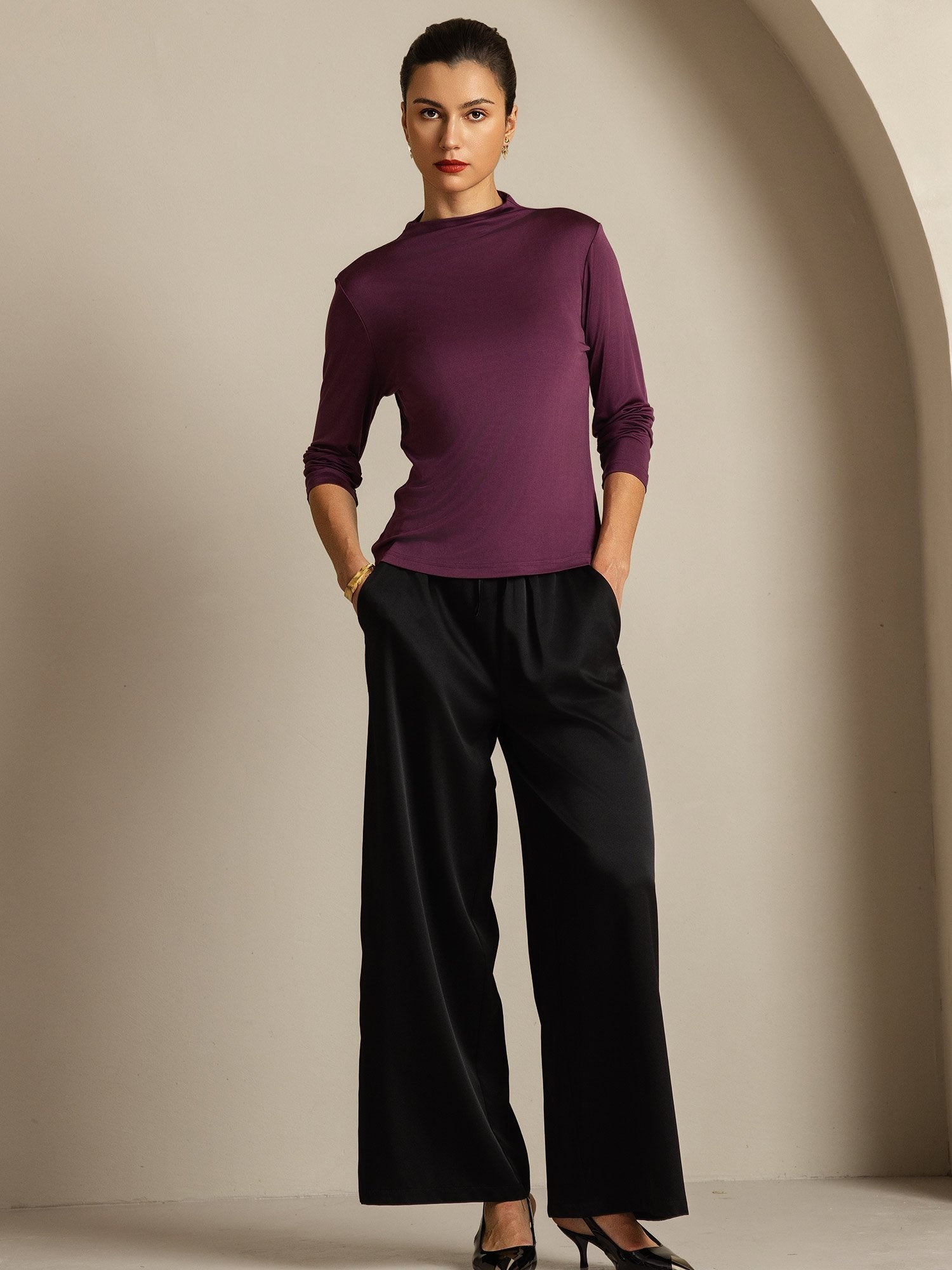 [Violette] SilkSilky-FR Soie Col Haut Femme T-Shirt 005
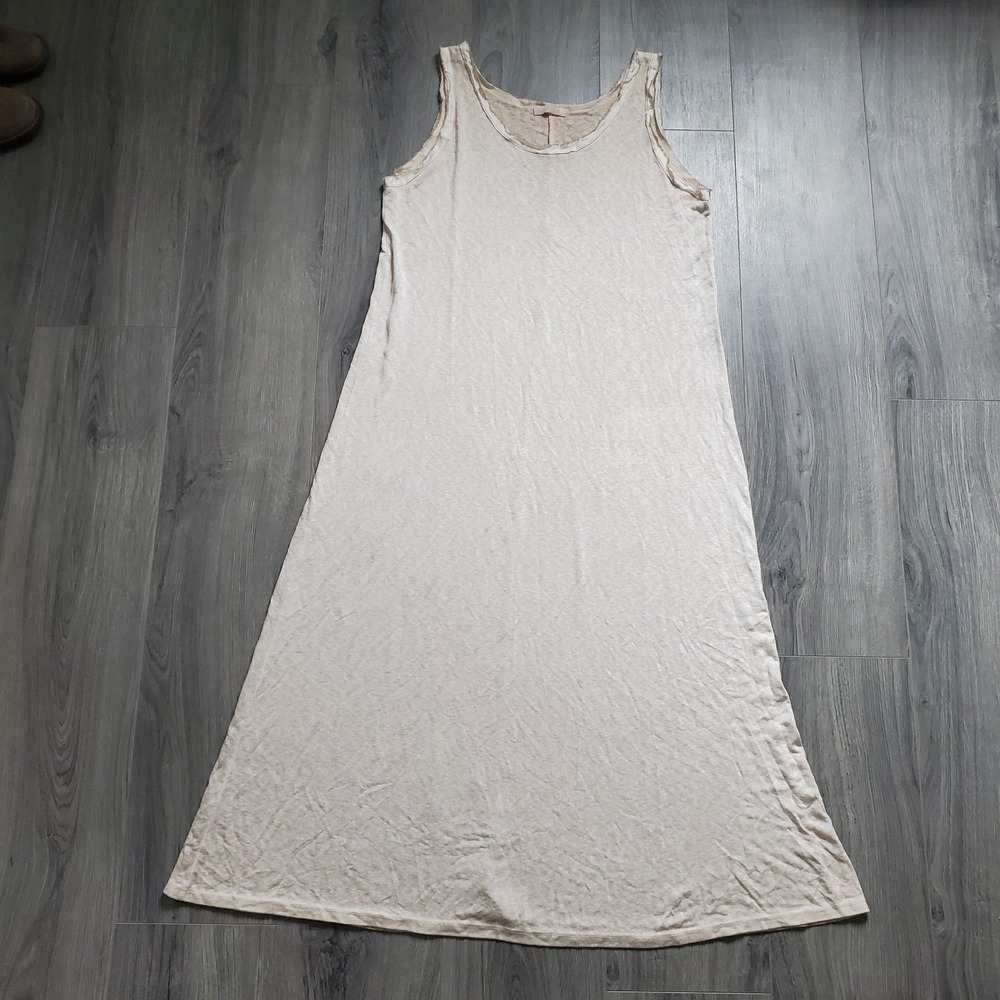 Milio Milano Cream Tan Sleeveless Scoop Neck A-Line Maxi Dress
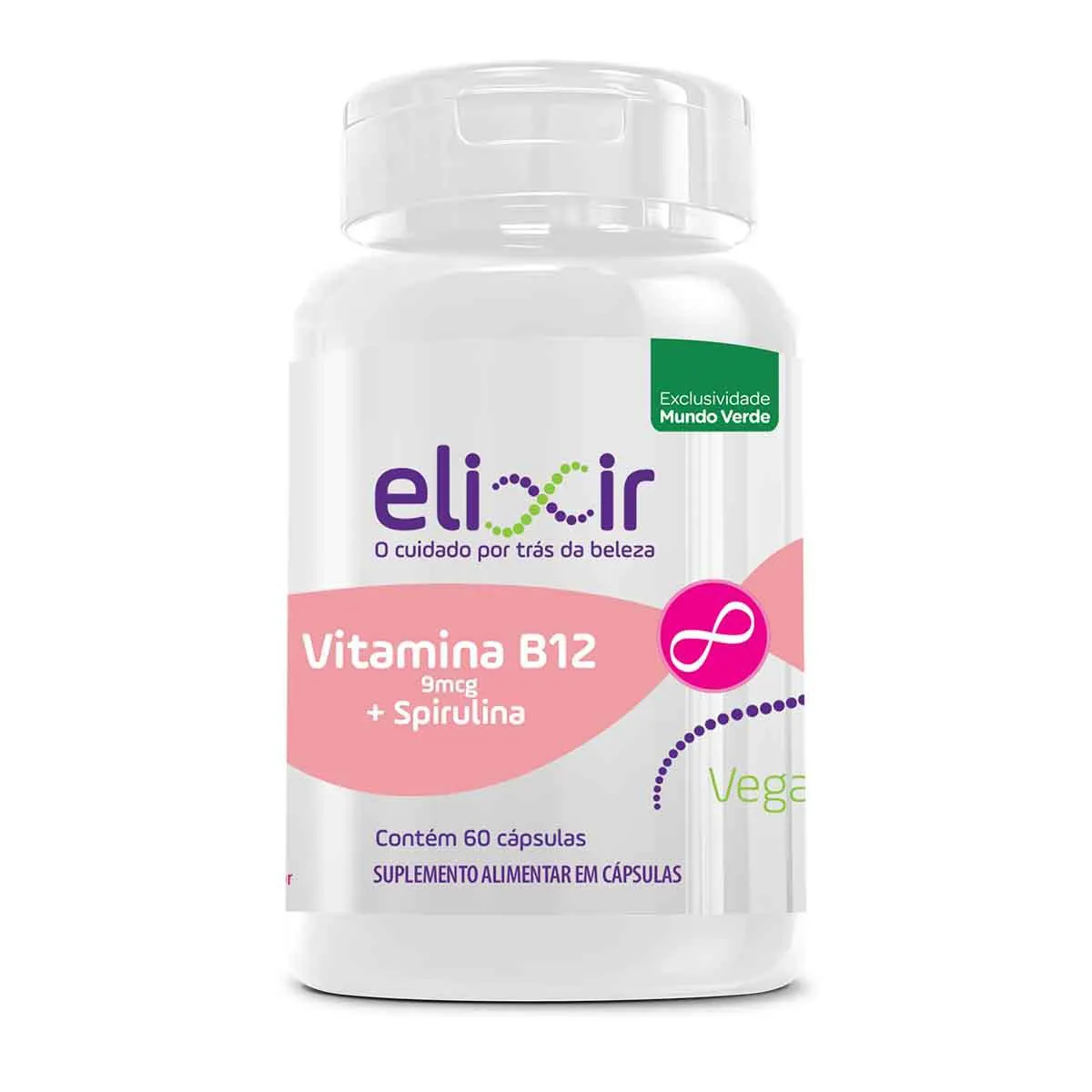 Vitamina B12 9mcg + Spirulina Elixir 60 cápsulas Preço exclusivo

### Assignment
Would you transcribe all of the data exactly, omitting any pictures?

### Exercise solution
 [Violette] SilkSilky-FR Soie Col Haut Femme T-Shirt 005
 Milio Milano Cream Tan Sleeveless Scoop Neck A-Line Maxi Dress
 Vitamina B12 9mcg + Spirulina Elixir 60 cápsulas Preço exclusivo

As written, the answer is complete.